Lending alliances are platforms that will use debt from the National Housing Bank to leverage private sector lender and institutional capital that will directly serve the sector, including providing debt finance to SME housebuilders. This product will enable SME housebuilders to grow and increase the level of debt available to these organisations from capital markets, while also broadening the National Housing Bank's reach and possibly allowing it to support parts of the housing and regeneration sector with growth potential at greater scale.  Private lenders and institutional investors will have the opportunity to co-develop these platforms and lending alliances across all product types.

Infrastructure loans will provide long-term loans of up to 15 years to large housebuilders and master developers to meet upfront infrastructure needs ranging from roads to placemaking, with the capability to lend into single and multi-site opportunities and undertake balance sheet lending for larger operators.

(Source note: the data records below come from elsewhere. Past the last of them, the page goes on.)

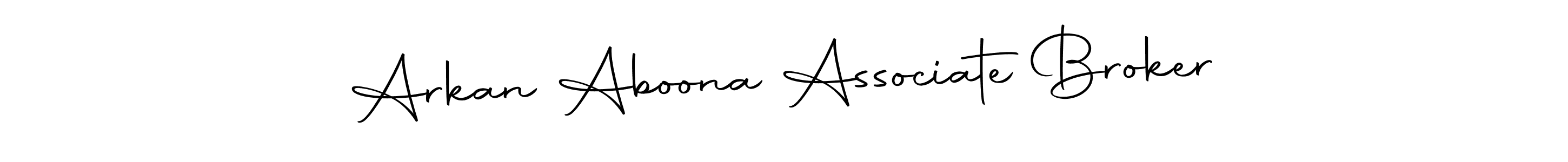 Create a beautiful signature design for name Arkan Aboona Associate Broker. With this signature (Autography-DOLnW) fonts, you can make a handwritten signature for free. Arkan Aboona Associate Broker signature style 10 images and pictures png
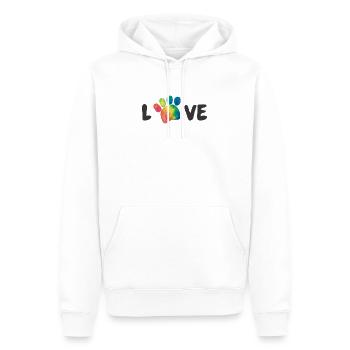 Love Regenbogen Tatzen Pfoten - Männer Premium Bio Hoodie - Weiß - Vorne - Nico (187cm)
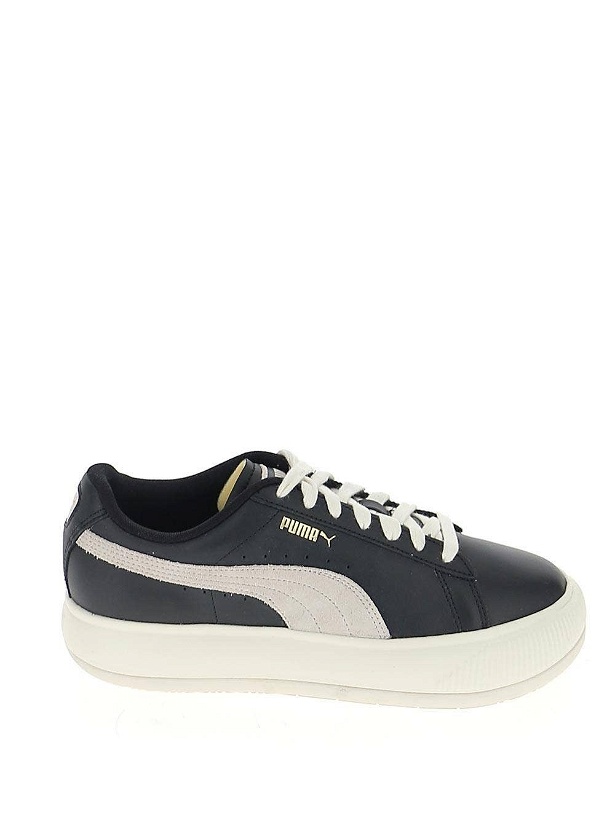 Photo: Puma Black And White Leather Sneakers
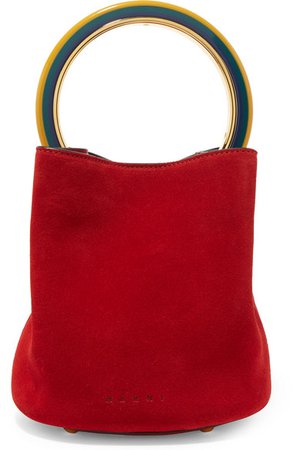 Marni | Pannier small suede bucket bag | NET-A-PORTER.COM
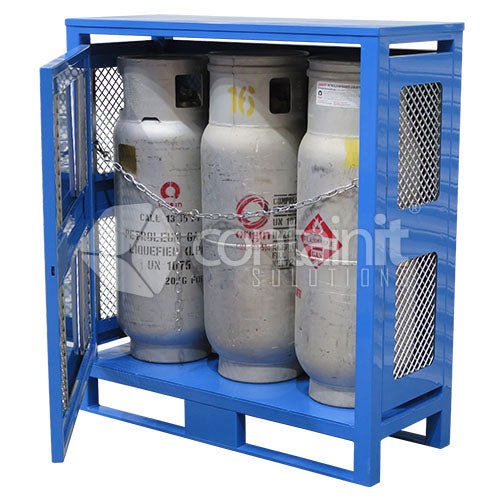 Premium Bottle & 18kg LPG Gas Cylinder Storage Cage - 8 x 18kg Gas Bottle Store - Containit Solutions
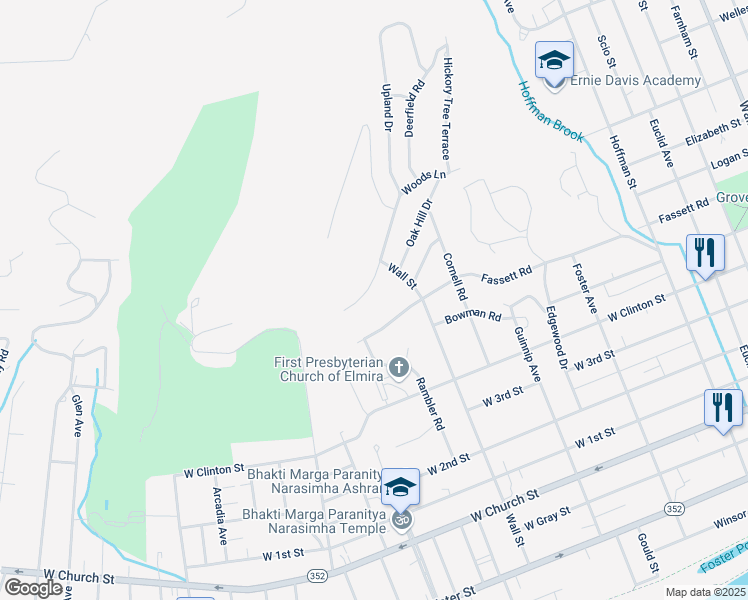 map of restaurants, bars, coffee shops, grocery stores, and more near 959 Upland Drive in Elmira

Registered providers will be able to access loans at below market interest rates to unlock capital investment in social and affordable homes.  Registered Providers will be able to recapitalise through these low-interest loans to enable investment in new homes.  The capacity of many Registered Providers is under heavy pressure following significant increases in the cost of debt, inflationary pressures, and significant capital expenditure demands, and this product is designed to address precisely those pressures.

A flexible, place-based approach

A defining feature of the National Housing Bank's model is its commitment to tailoring solutions to local need. The Bank will explore solutions that blend public and private capital, working closely with regional and local partners to ensure debt interventions are responsive to place-based challenges and opportunities, with a goal of recycling capital quickly to allow partners to go further and faster. Products are designed to be offered at different risk and return thresholds to ensure that they are suitable for all stages of development and a wide range of borrowers, from SME builders that deliver fewer than 10 homes per year to national developers and infrastructure providers.

Looking ahead

The scale of ambition is significant. The government has recently secured up to £46 billion to invest in communities across England: a once-in-a-generation scale of investment intended to facilitate the building of much-needed new homes, support urban regeneration and drive local economic growth, contributing to the government's ambition of building 1.5 million new homes.

The National Housing Bank represents the sharpest end of that ambition. For developers, Registered Providers, investors and housebuilders of all sizes, it offers a new and potentially transformative source of debt capital, one designed not merely to lend, but to catalyse a step change in England's housing delivery.